High-performance and energy-efficient mobile web browsing on big/little systems

Internet web browsing has reached a critical tipping point. Increasingly, users rely more on mobile web browsers to access the Internet than desktop browsers. Meanwhile, webpages over the past decade have grown in complexity by more than tenfold. The fast penetration of mobile browsing and everricher webpages implies a growing need for high-performance mobile devices in the future to ensure continued end-user browsing experience. Failing to deliver webpages meeting hard cut-off constraints could directly translate to webpage abandonment or, for e-commerce websites, great revenue loss. However, mobile devices' limited battery capacity limits the degree of performance that mobile web browsing can achieve. In this paper, we demonstrate the benefits of heterogeneous systems with big/little cores each with different frequencies to achieve the ideal trade-off between high performance and energy efficiency. Through detailed characterizations of different webpage primitives based on the hottest 5,000 webpages, we build statistical inference models that estimate webpage load time and energy consumption.
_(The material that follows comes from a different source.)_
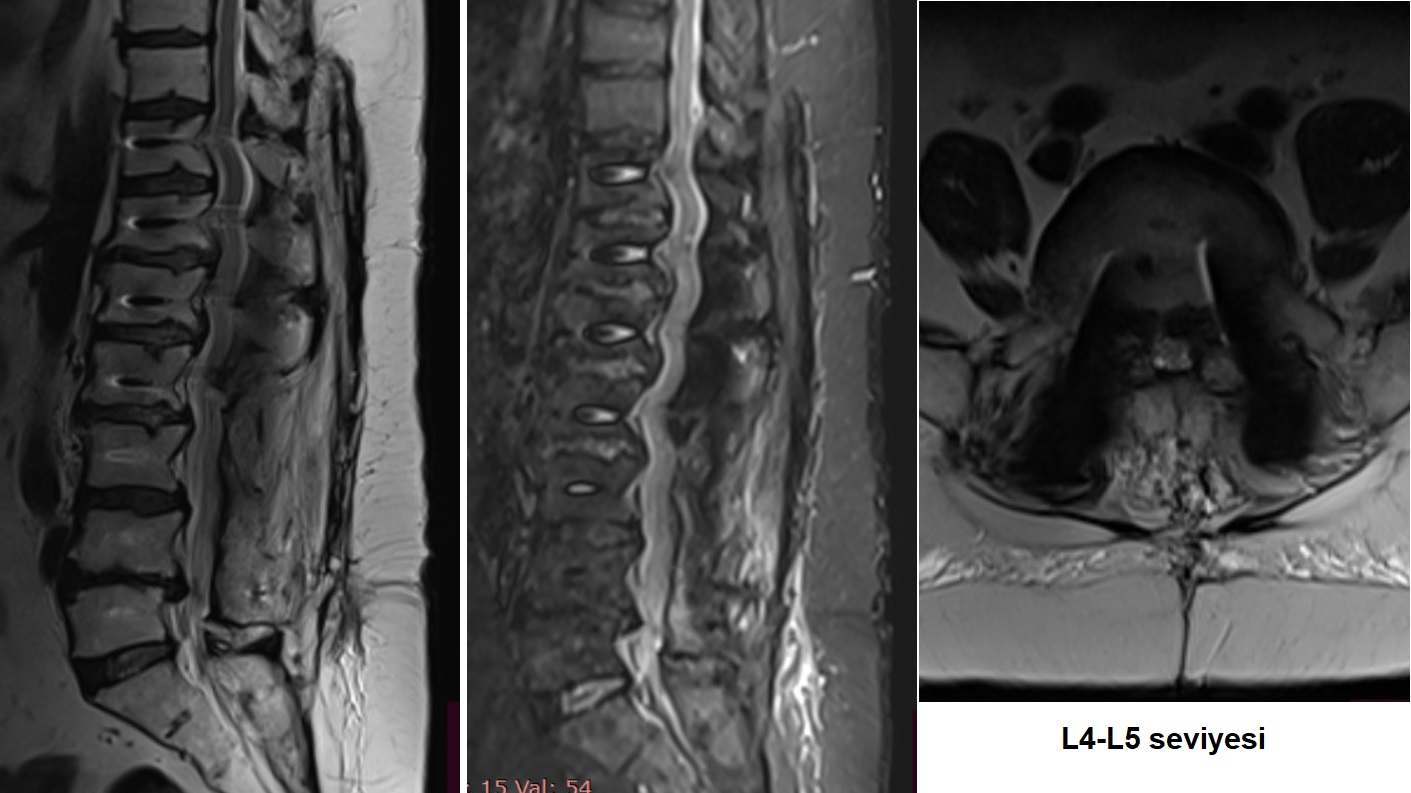2021 Yılı MRG İncelemesi - Lomber Enstrüman Gevşemesi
We show that leveraging such predictive models lets us identify and schedule webpages using the ideal core and frequency configuration that minimizes energy consumption while still meeting stringent cut-off constraints. Real hardware and software evaluations show that our scheduling scheme achieves 83.0% energy savings, while only violating the cut-off latency for 4.1% more webpages as compared with a performance-oriented hardware strategy. Against a more intelligent, OS-driven, dynamic voltage and frequency scaling scheme, it achieves 8.6% energy savings and 4.0% performance improvement simultaneously.